- Work order:
Exactly the lines from the one with "Ameliya online show from 19, 4, 2026" through the end of the records below are needed, minus any pictures.

- Input for this task:
/---

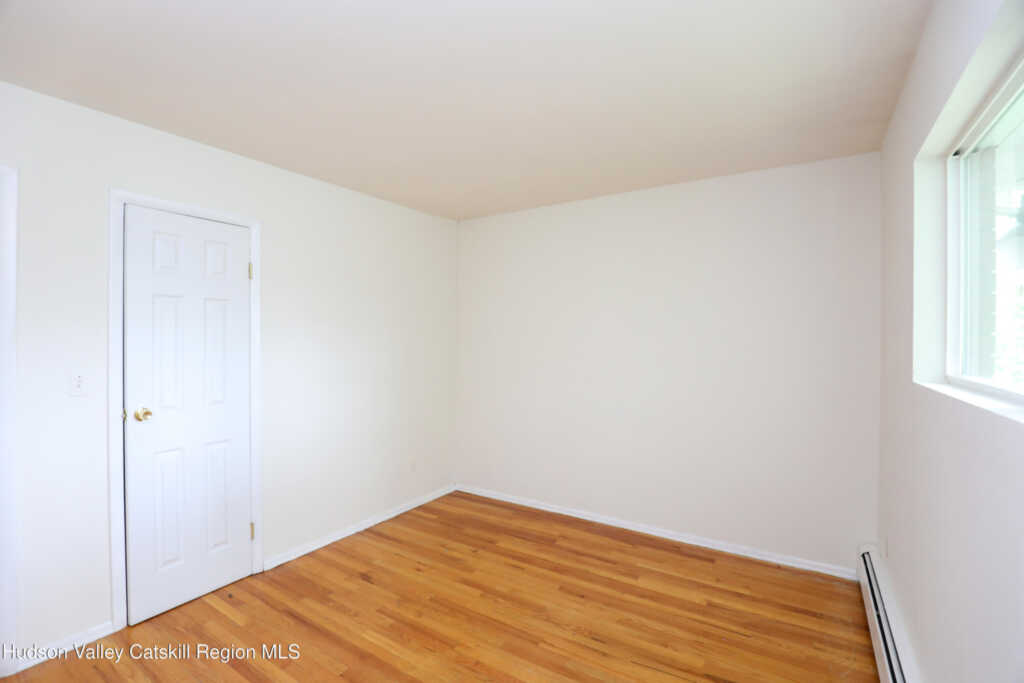 30 Lamb Avenue, Unit #5c, Saugerties, NY 12477 - Photo 11 of 13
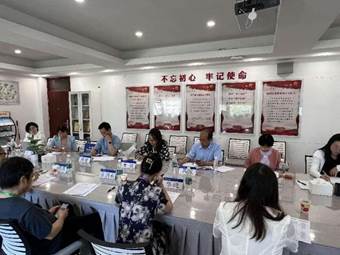 0df90f01db0f581803fef2860eb1e63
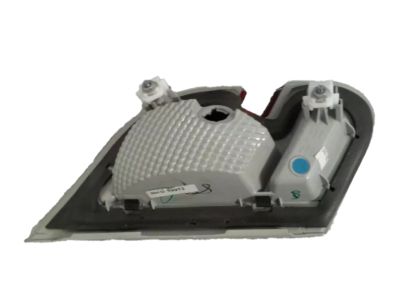 Ford Taurus Back Up Light - AG1Z-13404-H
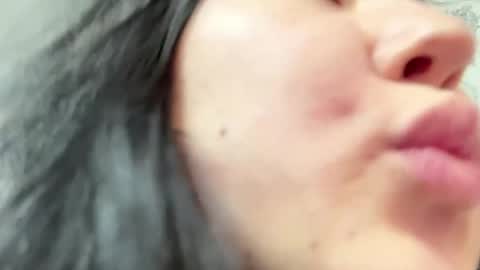 Ameliya online show from 19, 4, 2026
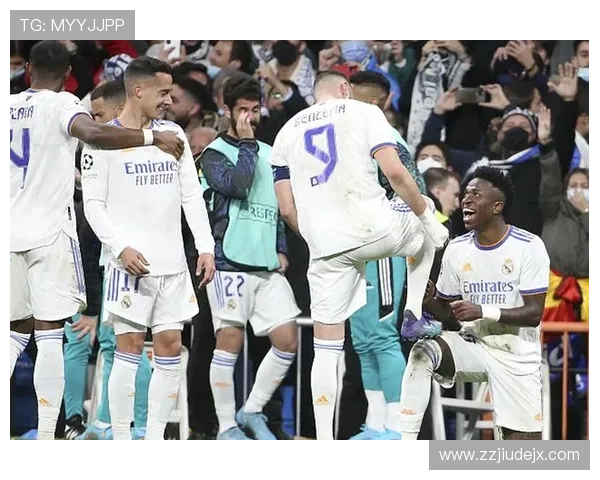 尤文图斯危机:战术混乱阵容失衡!豪门崛起之路何在? 尤文图斯危机:战术混乱阵容失衡!豪门崛起之路何在?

\---

- Task answer:
 Ameliya online show from 19, 4, 2026
 尤文图斯危机:战术混乱阵容失衡!豪门崛起之路何在? 尤文图斯危机:战术混乱阵容失衡!豪门崛起之路何在?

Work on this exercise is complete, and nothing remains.